▸ **What you are asked to do**: From the first line to the last, please reproduce the material exactly, skipping the pictures.

▸ **Collected material**:
>>
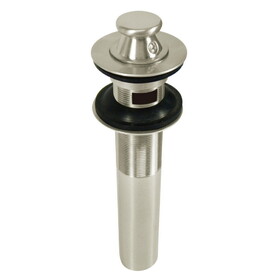 Elements of Design EB3008 Lift and Turn Sink Drain with Overflow, Brushed Nickel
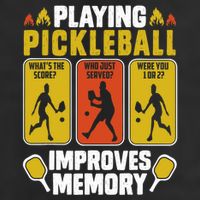 Playing Pickleball Improves Memory Funny Pickleball Player Trucker Hat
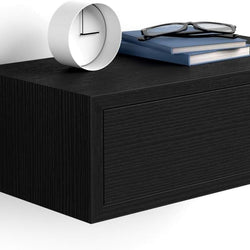 Rimano Wall Mounted Nightstand – Ashwood Black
<<
▸ **Written reply**:
 Elements of Design EB3008 Lift and Turn Sink Drain with Overflow, Brushed Nickel
 Playing Pickleball Improves Memory Funny Pickleball Player Trucker Hat
 Rimano Wall Mounted Nightstand – Ashwood Black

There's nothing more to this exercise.